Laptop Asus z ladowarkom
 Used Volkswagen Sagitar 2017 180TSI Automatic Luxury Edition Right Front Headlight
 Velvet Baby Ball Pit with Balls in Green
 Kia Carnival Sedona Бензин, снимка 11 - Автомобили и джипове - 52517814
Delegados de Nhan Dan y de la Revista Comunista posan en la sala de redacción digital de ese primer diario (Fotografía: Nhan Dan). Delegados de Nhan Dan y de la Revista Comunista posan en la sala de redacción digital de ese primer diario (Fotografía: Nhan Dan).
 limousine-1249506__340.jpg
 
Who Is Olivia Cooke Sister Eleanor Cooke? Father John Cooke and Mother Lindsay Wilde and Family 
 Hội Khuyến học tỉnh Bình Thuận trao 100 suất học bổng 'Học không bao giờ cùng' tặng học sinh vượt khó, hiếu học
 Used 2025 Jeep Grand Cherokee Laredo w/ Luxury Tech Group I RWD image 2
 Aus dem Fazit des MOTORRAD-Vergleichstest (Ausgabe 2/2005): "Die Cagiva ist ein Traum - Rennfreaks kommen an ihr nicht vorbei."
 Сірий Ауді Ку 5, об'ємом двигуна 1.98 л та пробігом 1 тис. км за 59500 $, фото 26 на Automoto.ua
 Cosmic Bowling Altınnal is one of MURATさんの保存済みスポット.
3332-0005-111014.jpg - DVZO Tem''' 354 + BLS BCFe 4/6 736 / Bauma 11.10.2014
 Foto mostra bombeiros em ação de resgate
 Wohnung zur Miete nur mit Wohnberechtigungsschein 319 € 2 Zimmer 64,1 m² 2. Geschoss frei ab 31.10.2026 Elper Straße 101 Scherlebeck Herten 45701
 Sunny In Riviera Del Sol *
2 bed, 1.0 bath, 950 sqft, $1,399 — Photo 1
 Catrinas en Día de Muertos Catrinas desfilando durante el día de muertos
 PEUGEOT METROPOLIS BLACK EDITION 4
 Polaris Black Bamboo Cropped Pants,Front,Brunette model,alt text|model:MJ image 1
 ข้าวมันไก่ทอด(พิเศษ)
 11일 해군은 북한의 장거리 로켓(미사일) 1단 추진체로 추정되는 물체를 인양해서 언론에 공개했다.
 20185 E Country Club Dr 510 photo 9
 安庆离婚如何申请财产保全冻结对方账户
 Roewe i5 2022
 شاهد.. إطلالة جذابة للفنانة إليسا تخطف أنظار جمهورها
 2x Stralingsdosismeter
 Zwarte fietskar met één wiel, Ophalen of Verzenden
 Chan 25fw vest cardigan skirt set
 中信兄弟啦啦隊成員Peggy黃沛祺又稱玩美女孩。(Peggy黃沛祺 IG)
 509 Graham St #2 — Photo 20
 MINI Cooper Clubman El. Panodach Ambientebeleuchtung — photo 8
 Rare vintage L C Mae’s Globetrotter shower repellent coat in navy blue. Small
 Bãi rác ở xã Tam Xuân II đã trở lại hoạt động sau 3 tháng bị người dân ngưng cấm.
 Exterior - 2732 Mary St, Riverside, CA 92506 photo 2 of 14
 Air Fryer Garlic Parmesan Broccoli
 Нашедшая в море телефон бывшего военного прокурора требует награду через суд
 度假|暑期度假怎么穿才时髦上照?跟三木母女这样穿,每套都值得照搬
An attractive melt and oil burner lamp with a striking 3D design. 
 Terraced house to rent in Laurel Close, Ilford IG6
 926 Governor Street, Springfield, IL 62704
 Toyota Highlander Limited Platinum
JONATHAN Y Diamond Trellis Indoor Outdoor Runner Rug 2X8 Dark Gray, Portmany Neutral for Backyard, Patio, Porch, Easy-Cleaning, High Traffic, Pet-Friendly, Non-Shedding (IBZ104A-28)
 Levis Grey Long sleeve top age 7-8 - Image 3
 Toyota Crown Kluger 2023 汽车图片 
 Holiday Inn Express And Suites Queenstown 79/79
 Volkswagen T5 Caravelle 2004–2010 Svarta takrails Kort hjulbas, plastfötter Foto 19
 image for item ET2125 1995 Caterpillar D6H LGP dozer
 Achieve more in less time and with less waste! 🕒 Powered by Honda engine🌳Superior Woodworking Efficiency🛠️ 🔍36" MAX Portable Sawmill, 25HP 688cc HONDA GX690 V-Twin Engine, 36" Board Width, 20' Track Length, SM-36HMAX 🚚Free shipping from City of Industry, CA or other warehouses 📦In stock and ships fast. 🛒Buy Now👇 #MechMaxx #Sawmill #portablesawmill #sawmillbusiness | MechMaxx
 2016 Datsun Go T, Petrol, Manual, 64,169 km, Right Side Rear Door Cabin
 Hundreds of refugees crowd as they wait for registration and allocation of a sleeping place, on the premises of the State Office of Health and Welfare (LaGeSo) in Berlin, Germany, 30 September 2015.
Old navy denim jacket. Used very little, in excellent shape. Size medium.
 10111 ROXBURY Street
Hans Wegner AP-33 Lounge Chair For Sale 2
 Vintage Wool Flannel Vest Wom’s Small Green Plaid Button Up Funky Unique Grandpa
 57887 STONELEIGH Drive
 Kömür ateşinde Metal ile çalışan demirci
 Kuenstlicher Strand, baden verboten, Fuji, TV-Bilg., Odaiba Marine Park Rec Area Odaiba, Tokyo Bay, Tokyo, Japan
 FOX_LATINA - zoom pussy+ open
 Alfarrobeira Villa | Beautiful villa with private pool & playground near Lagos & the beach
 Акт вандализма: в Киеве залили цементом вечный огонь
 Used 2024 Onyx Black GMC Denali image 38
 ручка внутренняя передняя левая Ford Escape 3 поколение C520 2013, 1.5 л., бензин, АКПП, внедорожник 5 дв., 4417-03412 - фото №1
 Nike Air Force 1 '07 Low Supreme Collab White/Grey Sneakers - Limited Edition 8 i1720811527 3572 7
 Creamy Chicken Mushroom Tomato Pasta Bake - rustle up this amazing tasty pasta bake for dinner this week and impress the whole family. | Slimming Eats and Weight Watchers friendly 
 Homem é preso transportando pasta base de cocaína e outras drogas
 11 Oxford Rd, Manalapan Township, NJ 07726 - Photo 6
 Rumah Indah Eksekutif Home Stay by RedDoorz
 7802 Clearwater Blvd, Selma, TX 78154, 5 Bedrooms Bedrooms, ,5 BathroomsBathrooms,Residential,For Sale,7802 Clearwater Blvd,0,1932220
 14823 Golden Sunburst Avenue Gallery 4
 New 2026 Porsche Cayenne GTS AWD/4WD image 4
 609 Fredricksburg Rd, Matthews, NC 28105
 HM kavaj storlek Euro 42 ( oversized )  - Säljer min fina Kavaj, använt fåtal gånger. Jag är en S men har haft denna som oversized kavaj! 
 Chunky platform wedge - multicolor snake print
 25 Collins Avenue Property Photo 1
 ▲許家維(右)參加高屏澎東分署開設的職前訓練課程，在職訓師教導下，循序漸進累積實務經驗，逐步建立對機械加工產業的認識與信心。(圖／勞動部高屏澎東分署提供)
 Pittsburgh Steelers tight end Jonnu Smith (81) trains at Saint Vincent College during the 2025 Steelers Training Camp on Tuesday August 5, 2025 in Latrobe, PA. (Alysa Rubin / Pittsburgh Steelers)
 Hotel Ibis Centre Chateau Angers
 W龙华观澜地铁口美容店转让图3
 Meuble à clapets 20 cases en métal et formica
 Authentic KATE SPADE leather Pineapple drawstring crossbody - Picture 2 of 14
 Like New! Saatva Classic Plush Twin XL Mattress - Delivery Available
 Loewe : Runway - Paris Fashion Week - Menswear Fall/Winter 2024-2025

* * *

• _Task goal_
Show all lines from the records above where the word "Used" occurs.

• _Worked solution_
 Used Volkswagen Sagitar 2017 180TSI Automatic Luxury Edition Right Front Headlight
 Used 2025 Jeep Grand Cherokee Laredo w/ Luxury Tech Group I RWD image 2
Old navy denim jacket. Used very little, in excellent shape. Size medium.
 Used 2024 Onyx Black GMC Denali image 38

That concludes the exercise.